The E65 was one of the more shocking designs to emerge from Bangle’s reign at BMW’s design offices. It was a car that looked nothing at all like its conservative predecessor and in that sense, it achieved the BMW board’s wishes to move the design direction of its cars into the future. The controversy was real however, especially at the rear end of the car where the strange (shocking even, for 2001) elongated boot horrified many, leading critics to label it the “Bangle Butt”. As with the E60 5-Series, I too did not like this car when it first launched. The design was just so different and in-your-face. I couldn’t stand the car.
But as with the E60, that bold design philosophy is exactly what has made the E65 7-Series age fantastically in my opinion. I don’t look twice at the current 7-Series or the model it replaced but when I see an E65 cruising by, I can’t help but look. I hated it in period but the current, ultra-safe design direction at BMW has given me newfound appreciation for cars like the E65 and made me realise how lucky we really were to witness these risks being taken. Sometimes though, you can’t appreciate what you have until you lose it.

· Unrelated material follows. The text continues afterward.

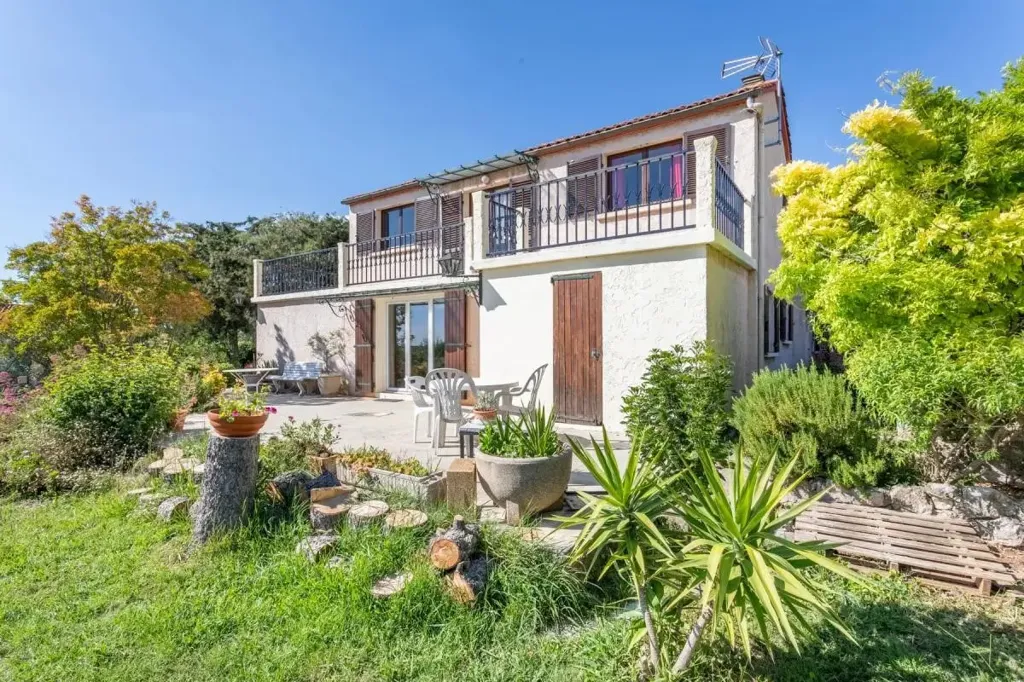Exterior - Spacious Villa with Terraces in Allauch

Another radical design that sported a “Bangle Butt”, the E63 6-Series was as different as you could possibly get from the original, much-loved 6-Series (E24). Big, beefy and with a bruiser persona, the E63 was another controversial design that – again – I felt enormously turned-off by back in 2004. Like the 7-Series, I could only look at it and think “what the hell are they doing?“. It was fugly and struck me as a mish-mash of design elements colliding in the worst possible way.
Surprise, surprise, the E63 has the polar opposite effect on me today in 2019. It turns me on like modern BMWs simply can’t. As I mentioned in the intro to this article, I do like the Gran Coupe (F06) body style of the more recent 6-Series but nothing is a dramatic and statement-making as the E63, especially in M6 mode – a true monster with planet-sized alloys and that masterpiece that is the 5.0 S85B50 V10 engine. Will we ever see such a radical design again? Never say never but I feel that it’s unlikely which is a shame.
To quote myself from this very post:
“Sometimes though, you can’t appreciate what you have until you lose it.”
I feel that this is the best way I can sum up the Bangle years at BMW. Obviously, I am very much aware of the concepts of maturity, rose-tinted vision and older stuff looking a lot better in light of newer offerings but despite that, I’m still fascinated by how horrible these cars seemed to many of us in their day and how fantastic they look NOW. Looking at the German automotive industry today, it’s almost unthinkable to imagine that a giant like BMW – that values consistency and inoffensive design language – would have once permitted a man to wipe the slate and trade in Evolution for Revolution in such a blunt manner. I’m glad that they did though because the cars I’ve covered here have aged superbly in my opinion and make highly tempting purchases on the second-hand market.
What do you think? Have you always hated the Bangle era? Did you appreciate it from the very beginning, waiting for the rest of the world to catch up? Or were you like me and changed your stance over time?